En ce qui concerne les nouvelles familles, certains enseignants disent s’accommoder à la situation et dialoguent avec l’enfant si celui-ci en ressent le besoin. En revanche, gérer la tristesse des élèves orphelins à l’école ne semble pas aller de soi chez quelques enseignants, en effet, quelle posture adopter face à un enfant qui n’est pas tout-à-fait comme les autres, qui ne vit pas nos moments de joie de la même manière? Les enseignants semblent faiblement armés et peuvent parfois être désemparés face aux drames que vivent ces enfants. Ils peuvent faire preuve parfois de maladresse… Tous les enseignants ont été potentiellement confrontés à des orphelins au cours de leurs carrières:
Selon une étude publiée sur le site de France Inter:
“72% des professeurs ont eu un ou plusieurs orphelins dans leur classe au cours de leur carrière.”
Conclusion
Au sujet du petit cadeau dans les écoles, les opinions divergent. Certains sont d’avis de ne pas le faire pour ne pas blesser les enfants. D’autres, en revanche, ne comprennent pas pourquoi, pour préserver la sensibilité de quelques exceptions, il faudrait priver tous les autres enfants de la joie de concocter un petit cadeau pour leur maman.

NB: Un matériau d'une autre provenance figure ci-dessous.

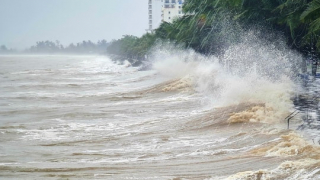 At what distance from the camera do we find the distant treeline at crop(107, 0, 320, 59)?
25370mm

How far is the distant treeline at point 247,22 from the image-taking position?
25.4 m

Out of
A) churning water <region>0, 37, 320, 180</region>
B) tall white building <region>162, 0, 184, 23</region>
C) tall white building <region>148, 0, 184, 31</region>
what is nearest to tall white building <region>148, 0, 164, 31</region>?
tall white building <region>148, 0, 184, 31</region>

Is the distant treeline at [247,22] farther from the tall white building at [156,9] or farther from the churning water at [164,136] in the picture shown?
the tall white building at [156,9]

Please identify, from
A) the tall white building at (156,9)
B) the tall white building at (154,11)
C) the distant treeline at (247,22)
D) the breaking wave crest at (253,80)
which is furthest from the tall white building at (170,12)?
the breaking wave crest at (253,80)

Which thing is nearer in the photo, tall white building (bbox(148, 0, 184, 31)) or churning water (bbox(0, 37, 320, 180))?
churning water (bbox(0, 37, 320, 180))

Rien ne laisse présager, cependant, qu’on retrouve la même hargne chez les parents homosexuels, ou chez les parents solo que celle des parents traditionalistes qui voulaient mettre le feu à l’école pour punir le “méchant” directeur. Dans la littérature consacrée au sujet, il n’est nulle part question d’une quelconque pression exercée par les parents homo et solo pour annuler la fête des mères à l’école.
Il semblerait toutefois que les décisions se prennent au cas par cas, selon les écoles, selon les classes et qu’au final, ce soient les enseignants qui décident de faire ou de ne pas faire le fameux cadeau. Aucun programme de l’Education Nationale ne stipule l’obligation d’en faire un.

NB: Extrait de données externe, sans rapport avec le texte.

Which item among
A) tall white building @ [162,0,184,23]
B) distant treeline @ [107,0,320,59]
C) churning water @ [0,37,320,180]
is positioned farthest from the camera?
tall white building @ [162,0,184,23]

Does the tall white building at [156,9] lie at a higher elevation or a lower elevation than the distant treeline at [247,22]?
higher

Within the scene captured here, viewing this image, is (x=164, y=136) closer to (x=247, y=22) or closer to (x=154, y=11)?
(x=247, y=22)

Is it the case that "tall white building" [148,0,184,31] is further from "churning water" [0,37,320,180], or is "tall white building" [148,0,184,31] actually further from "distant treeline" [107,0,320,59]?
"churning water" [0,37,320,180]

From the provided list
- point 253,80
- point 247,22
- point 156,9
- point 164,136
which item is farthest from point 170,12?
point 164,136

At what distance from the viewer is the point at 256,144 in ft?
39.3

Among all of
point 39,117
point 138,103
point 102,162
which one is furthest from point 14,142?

Alors des parades ont été trouvées ici et là: il y a des écoles dans lesquelles “la fête des parents” a été instaurée ou encore “la fête de ceux qu’on aime”. Les enfants peuvent alors choisir à qui ils vont offrir leur présent et dire le petit poème qui l’accompagne.
C’est sans doute là que se trouve le point clé… Le poème, le petit cadeau, ça n’a pas de prix. C’est un acte d’amour gratuit, une démonstration de reconnaissance. Ceci dit, ce n’est pas une obligation que de célébrer les mères à l’école et les comportements extrémistes des parents qui exigent de recevoir leur petit cadeau sont nuls et non avenus.
Et comme l’a très justement souligné le directeur qui a inspiré notre propos” “j’ai supprimé le cadeau, pas la fête!” Donc, papas, mamans de France, courez acheter des pâtes, il est encore temps de réaliser un magnifique collier de nouilles à votre dulcinée, si le coeur vous en dit!